> Task objective
From the opening line of the records through the line bearing "So let's say", set down every line exactly.

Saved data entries
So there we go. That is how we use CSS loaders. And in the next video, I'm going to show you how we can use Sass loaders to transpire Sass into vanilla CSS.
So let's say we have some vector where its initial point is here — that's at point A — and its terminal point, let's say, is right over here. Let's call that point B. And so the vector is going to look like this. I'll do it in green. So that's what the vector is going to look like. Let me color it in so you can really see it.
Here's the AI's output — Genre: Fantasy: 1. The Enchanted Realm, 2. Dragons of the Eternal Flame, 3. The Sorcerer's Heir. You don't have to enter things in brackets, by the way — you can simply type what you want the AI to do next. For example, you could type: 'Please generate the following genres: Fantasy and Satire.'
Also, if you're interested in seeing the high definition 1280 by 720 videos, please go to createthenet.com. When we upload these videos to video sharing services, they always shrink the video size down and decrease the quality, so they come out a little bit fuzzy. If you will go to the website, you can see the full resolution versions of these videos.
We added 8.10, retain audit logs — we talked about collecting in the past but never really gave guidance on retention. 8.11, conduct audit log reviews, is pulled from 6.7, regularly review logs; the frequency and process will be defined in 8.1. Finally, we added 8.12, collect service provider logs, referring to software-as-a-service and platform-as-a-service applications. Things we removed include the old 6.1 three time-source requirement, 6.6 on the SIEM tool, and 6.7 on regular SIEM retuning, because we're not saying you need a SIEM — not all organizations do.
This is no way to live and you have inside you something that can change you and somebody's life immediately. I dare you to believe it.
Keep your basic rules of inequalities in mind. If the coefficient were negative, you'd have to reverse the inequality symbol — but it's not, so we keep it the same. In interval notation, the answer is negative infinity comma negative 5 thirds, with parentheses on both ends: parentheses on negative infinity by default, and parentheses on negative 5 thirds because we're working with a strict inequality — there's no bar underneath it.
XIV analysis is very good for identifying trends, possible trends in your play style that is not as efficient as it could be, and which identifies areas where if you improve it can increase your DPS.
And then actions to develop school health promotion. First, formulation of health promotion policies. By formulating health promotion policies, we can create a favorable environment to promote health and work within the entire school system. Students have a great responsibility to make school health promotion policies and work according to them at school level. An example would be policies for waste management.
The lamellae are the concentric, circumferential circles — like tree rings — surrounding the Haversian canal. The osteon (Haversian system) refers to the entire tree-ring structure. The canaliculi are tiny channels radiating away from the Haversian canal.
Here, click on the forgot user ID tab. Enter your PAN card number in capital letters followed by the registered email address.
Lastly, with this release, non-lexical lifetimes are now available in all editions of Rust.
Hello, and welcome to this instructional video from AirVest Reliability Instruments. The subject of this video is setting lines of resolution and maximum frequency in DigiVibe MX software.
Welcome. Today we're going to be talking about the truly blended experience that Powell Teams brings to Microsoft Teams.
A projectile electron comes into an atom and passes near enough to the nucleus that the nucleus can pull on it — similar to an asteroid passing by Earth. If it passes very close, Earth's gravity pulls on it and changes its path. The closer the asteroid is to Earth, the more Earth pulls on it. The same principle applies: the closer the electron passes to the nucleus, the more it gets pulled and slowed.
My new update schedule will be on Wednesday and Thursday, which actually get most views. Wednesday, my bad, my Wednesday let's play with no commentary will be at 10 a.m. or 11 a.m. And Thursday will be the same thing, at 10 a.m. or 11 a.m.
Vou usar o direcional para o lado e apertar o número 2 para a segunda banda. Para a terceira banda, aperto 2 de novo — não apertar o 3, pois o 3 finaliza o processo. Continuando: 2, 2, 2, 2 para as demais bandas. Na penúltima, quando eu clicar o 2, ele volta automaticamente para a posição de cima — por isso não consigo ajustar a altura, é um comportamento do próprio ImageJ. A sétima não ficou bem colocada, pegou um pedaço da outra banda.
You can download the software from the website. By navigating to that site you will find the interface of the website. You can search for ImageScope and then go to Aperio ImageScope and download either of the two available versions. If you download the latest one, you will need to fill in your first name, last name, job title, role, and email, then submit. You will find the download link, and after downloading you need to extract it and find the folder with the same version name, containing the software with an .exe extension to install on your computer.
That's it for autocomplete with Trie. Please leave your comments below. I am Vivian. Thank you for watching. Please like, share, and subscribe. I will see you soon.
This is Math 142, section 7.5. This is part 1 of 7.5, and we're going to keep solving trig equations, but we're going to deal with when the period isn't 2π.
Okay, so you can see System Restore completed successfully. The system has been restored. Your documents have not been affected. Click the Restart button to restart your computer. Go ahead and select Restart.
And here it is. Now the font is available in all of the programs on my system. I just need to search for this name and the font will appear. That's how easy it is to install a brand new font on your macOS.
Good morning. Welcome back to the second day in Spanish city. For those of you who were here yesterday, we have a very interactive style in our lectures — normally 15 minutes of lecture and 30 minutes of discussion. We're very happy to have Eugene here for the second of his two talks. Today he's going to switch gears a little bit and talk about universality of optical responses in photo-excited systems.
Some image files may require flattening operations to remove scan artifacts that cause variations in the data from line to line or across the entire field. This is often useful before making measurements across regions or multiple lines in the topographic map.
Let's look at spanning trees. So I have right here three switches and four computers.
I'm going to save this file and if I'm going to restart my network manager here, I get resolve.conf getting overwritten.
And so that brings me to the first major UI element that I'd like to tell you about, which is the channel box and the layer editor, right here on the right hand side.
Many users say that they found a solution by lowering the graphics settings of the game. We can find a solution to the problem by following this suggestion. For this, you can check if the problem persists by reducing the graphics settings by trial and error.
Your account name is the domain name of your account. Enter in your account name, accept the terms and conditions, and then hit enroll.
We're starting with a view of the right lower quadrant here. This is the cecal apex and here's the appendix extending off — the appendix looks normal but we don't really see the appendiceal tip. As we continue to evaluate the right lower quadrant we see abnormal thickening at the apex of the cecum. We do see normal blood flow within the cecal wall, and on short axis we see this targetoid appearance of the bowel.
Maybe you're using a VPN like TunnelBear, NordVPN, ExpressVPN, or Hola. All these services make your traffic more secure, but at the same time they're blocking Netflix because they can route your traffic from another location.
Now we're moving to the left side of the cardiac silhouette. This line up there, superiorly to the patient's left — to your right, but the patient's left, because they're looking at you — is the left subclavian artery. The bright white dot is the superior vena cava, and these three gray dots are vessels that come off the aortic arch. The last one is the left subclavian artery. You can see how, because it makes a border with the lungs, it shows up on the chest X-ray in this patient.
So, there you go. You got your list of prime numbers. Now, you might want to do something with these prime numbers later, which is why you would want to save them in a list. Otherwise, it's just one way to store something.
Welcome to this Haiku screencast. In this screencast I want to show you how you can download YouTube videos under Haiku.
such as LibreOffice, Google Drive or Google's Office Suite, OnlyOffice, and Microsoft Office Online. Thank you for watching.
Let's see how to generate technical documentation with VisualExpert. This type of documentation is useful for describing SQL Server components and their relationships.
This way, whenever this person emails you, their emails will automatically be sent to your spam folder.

> Response to the task
So there we go. That is how we use CSS loaders. And in the next video, I'm going to show you how we can use Sass loaders to transpire Sass into vanilla CSS.
So let's say we have some vector where its initial point is here — that's at point A — and its terminal point, let's say, is right over here. Let's call that point B. And so the vector is going to look like this. I'll do it in green. So that's what the vector is going to look like. Let me color it in so you can really see it.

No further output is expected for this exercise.